KNOXVILLE, Tenn. (WVLT) --- The James White Parkway is a main artery for Knoxville, slicing past downtown and ending abruptly on a two lane road.
If you take it to this dead end you'll pass traffic cones and no parking signs, the calling card of future construction crews.
The Department of Transportation wants to expand it from that dead end to the John Sevier Highway.
Traffic engineers are trying to convince neighbors it's a good idea but to do that they not talking about the parkway.
They're talking about Chapman Highway. Specifically where the Henley Street Bridge spills out, or will when it's finished.
It's been under construction for two years but soon the cars will come.
TDOT says when that happens Chapman Highway won't be able to handle the traffic. They have the numbers to prove it.
You can find those numbers in a 430 page environmental impact report available to the public. But if you don't feel like digging through the stack of paper TDOT makes it simple.
They made it a key bullet point in a 7 page handout.
Hundreds of people got this handout at a public meeting asking about support for the expansion.
It says "The No-Build Alternative would not meet future
traffic demands projected for Chapman Highway."
Those projections say traffic will increase over Henley Street every year, so dramatically that by 2035 more than 63,000 cars will make the trip.
But one of the people that saw that projection also happened to be a engineering student at the University of Tennessee.
He says the numbers just don't add up.
"We started looking at the data they were using to build their models," Adam Sullivan told us, "And when you look at it you start to scratch your head about where these projections are coming from."

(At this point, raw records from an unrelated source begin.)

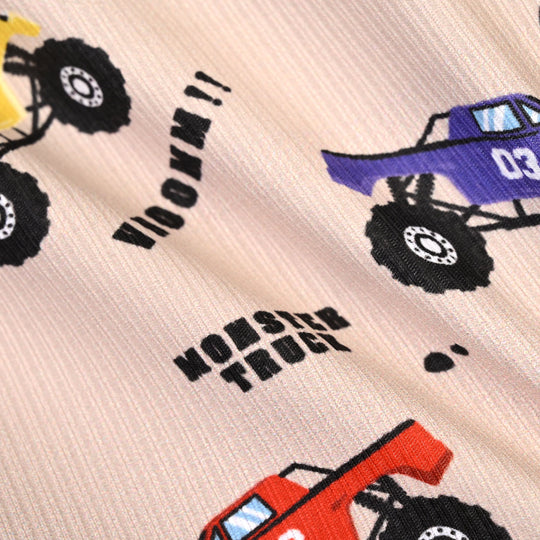 Infant Boys Poly Cotton Jersey Night Suit Racing Monster Truck-BROWN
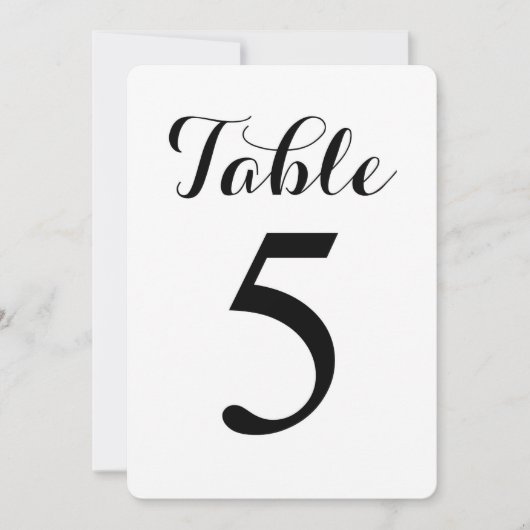 Modern Script Tafel 5 | Tafel Nummers Kaart (Voorkant)
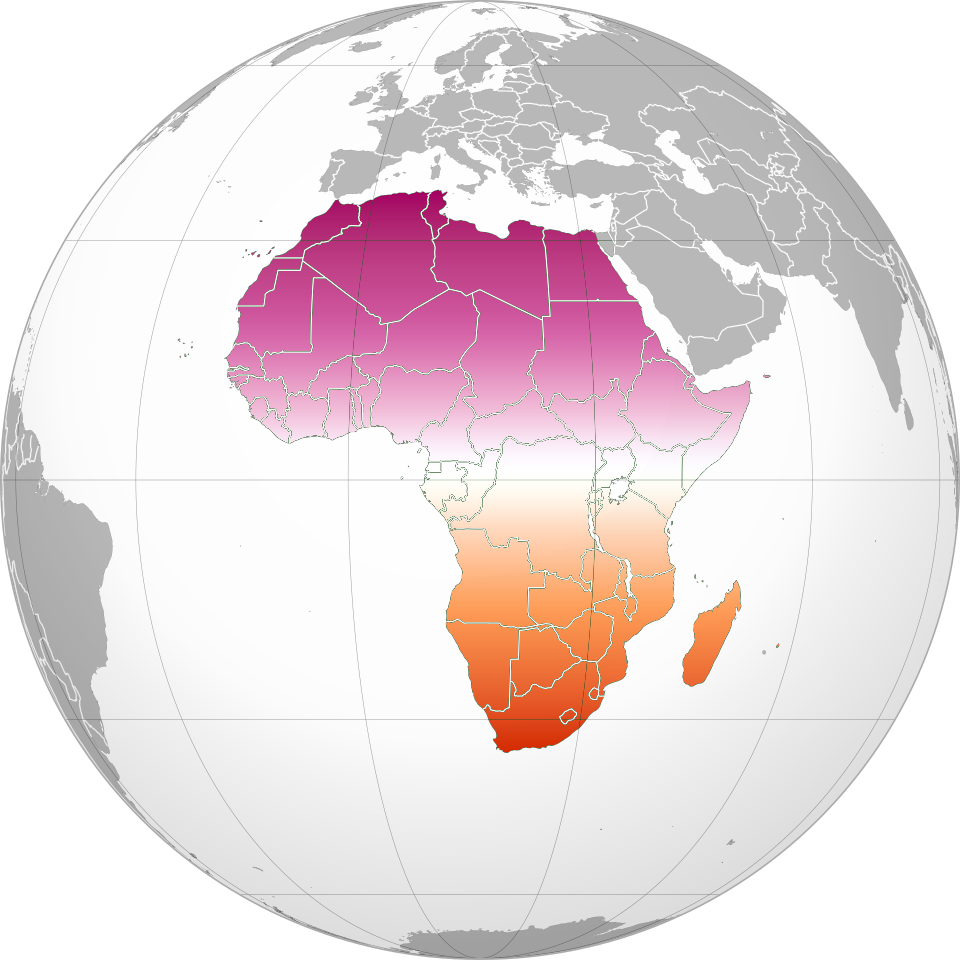 Graphic illustration of the African continent with clear geographical borders.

Sullivan, a PhD candidate at UT ran the TDOT numbers himself, In his closet sized office, on his laptop.
He walked us through his findings.
"If you take the last four years and project a 3% growth you get to 63000 pretty easily the problem is if you go back twenty years...."
That's where Adam saw a problem. When you move the chart back two decades, the traffic numbers jump around. There's no pattern and Sullivan says if you look at that you can't predict anything.
"Using the data they have," The student explains, "there's really no evidence that theres even an increase in traffic over 25 years."
"You just can't predict it?" We asked.
"Yeah. You can't predict an increase."
When we asked them about Sullivan's findings TDOT declined the interview.
Simply saying they were revisiting their counts, reviewing their numbers and releasing a new enviornmental impact study in April.